In Paris in 2015, the world pledged to keep global temperatures to well below two degrees, or to 1.5c if possible. But when it came to concrete plans, their actions added up to a trajectory to well above three degrees. To fill the gap between goal and action, they promised to ratchet their emissions down in five years’ time, to match their actions to their aspirations.
The Glasgow climate summit next year is the point when that ratchet will happen. Unfortunately, the signs do not look good: despite extraordinary cost reductions in clean technology, an unholy alliance of Trump, Bolsanaro, Putin, and King Salman of Saudi Arabia, amongst others, will not pledge net zero emissions goals. Their action alone is enough to prevent the pledges made at Glasgow from adding up to 1.5c warming. This is despite the clear moral, economic and scientific evidence that, globally, net zero by 2050 is right.
In short, there is a political problem, rooted in the power of a small subset of global leaders to prevent progress. The solution is to outflank them.
We need a net zero club
The UNFCCC process is only for nation states. But nation states aren’t the only actors that matter. Far from it. So far, the nation states committed formally to net zero are limited: the UK, France, Costa Rica, Bhutan, Norway, Sweden, New Zealand, Iceland and Uruguay are signed up. Getting around the big blockers means creating a net zero club that embraces so-called non-state actors.
The biggest one is the EU. If it sets a carbon neutral goal next year, fully a third of global GDP will be committed to net zero. This matters because economic transitions don’t wait until the whole of the market moves; instead, tipping points occur early. Take the US coal industry, which saw a ten per cent loss of market share translate into a spiral of bankruptcies and a rapid decline into irrelevance.
Critical to the net zero club are places like Scotland, New York and California. Scottish climate leadership paved the way for the UK’s net zero commitment. California and New York alone make up 21 per cent of US GDP and, if they can work with the 23 other states that are committed to the Paris Agreement to set net zero goals, this will represent over 60 per cent of US GDP. Their action will render Donald Trump’s climate intransigence irrelevant.
Companies and cities are moving ahead of countries on net zero
This is before you begin to account for corporate commitments. Amazon, which, if it were a country, would be the 40th largest economy in the world, has committed to net zero emissions by 2040. Volkswagen, which would be the 22nd largest economy, has bet the company on electric vehicles and committed itself to net zero emissions by 2050. Investors like the Climate Action 100+ group are already using their $35 trillion asset ownership to push more companies to join the net zero club.
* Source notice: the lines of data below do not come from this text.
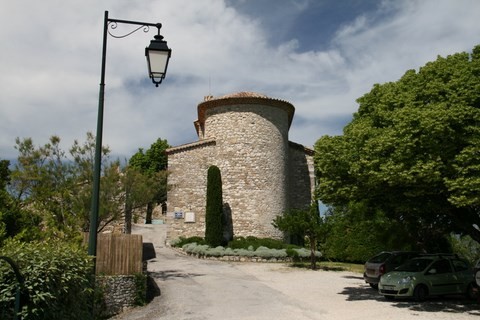 A l'origine, l'église paroissiale d'Arpavon était un prieuré dépendant de l'Abbaye de Bodon de Saint-May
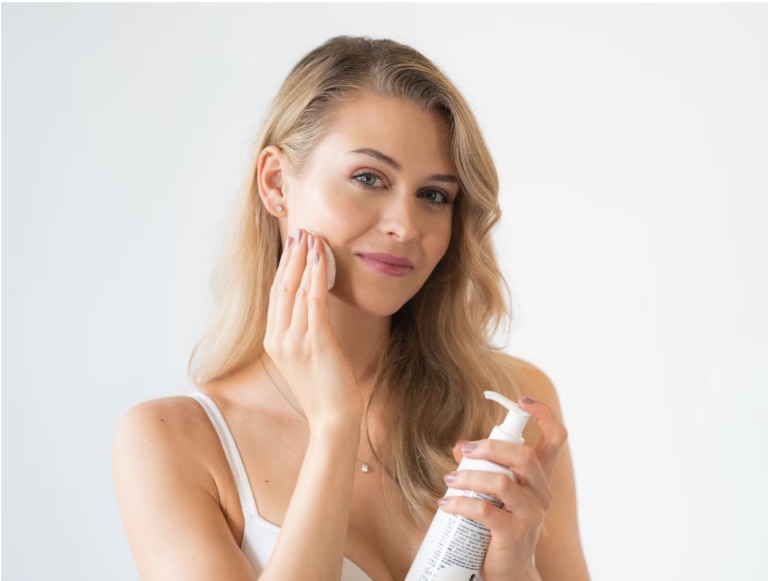 Best Face Wash For Sensitive Skin - R+F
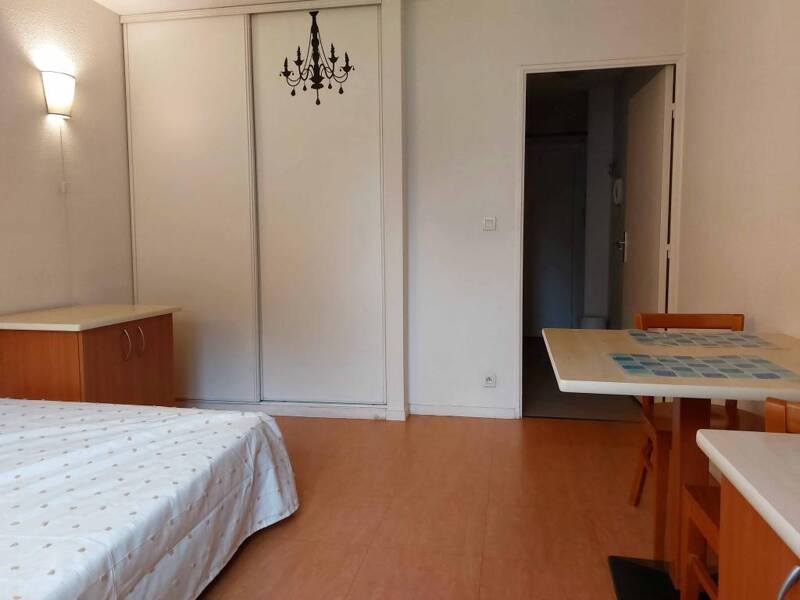 Maison à louer, 22m², PARIS 14E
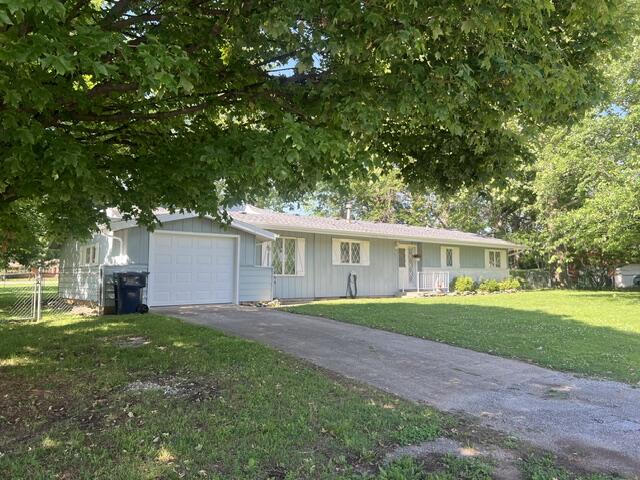 607 East Summit Street Property Photo 1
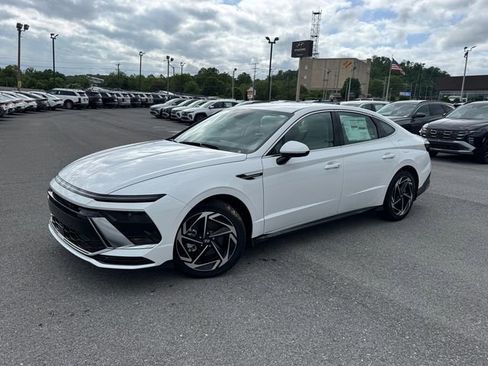 New 2026 Hyundai Sonata SEL image 1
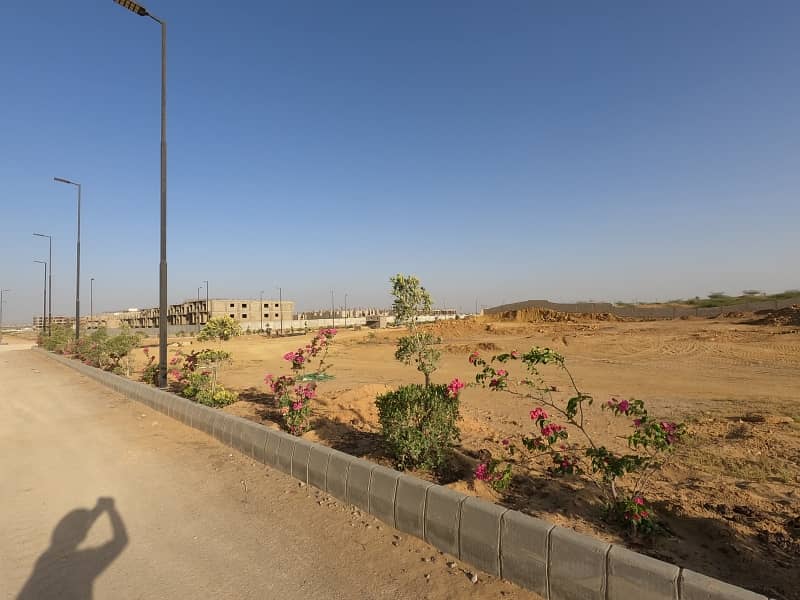 Ready To sale A Prime Location Commercial Plot 400 Square Yards In Falaknaz Wonder City Karachi 7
Last year, Green Alliance looked at what role cities could play. Because cities are economically powerful but physically small, what they buy matters more than what happens inside their borders. We found that the consumption emissions of the C40 network of global cities makes them the 4th largest influencer of global emissions, just after the EU28 and ahead of India. In September, C40 said it would implement a Green New Deal. In effect, the 4th largest global emitter joined the net zero club: Sydney will decarbonise despite Australian politics; Tokyo will decarbonise despite Japan’s coal problem; and Rio de Janeiro will do the same.
The club will fail on pledges alone
Of course, it’s one thing to pledge and another to act. This is where the UK’s role lies. As the first major economy to set a net zero law, Britain needs to translate its target setting into early action, before the Glasgow summit next year. As the host of the summit, the minimum requirement for UK credibility is getting on track to net zero, not simply crowing about its legal commitment. The UK needs to lead real economy change if it is to play its part in supporting the nascent net zero club I’ve described above. It needs to act now, both because early carbon reductions limit global heating more than late ones, and because action creates hope.
The UK needs to get on track to net zero now
The question of how can the UK get on track has an answer. Green Alliance’s Cutting Carbon Now programme has developed a plan which fills the yawning gap between the UK’s net zero law and its inadequate policies.
The plan has just five policy actions. They all pay for themselves, and all are deliverable by the next government in the first half of next year, whether by policy commitment, budget spending or new regulation. Critically, we know they add up because we quantified their impact against shadow carbon budgets which are consistent with the UK’s new net zero law: we did the maths, and the policies would put the UK on a trajectory to net zero by around 2045.
Each policy is summarised in the link above, but each has a detailed sectoral analysis underpinning it, which shows how the carbon reductions can be achieved. The policies are designed to be implemented, and fast.
They aren’t however, the only thing the UK should do. If government uses our plan to get on track to net zero, it will give itself the breathing space to plan to address challenging issues like heat, aviation and food. It will also give the UK political credibility to lead internationally by showing other net zero club members how the UK has continued its rapid decarbonisation; how its new ‘public money for public goods’ payments can transform farming to save nature and sequester carbon; and how to end fossil fuel financing.
Getting the UK on track to net zero, and persuading others to join the net zero club and to act fast, is the best way to ensure success in Glasgow. The plan for the year to COP26 needs to be an action plan, not another set of pledges.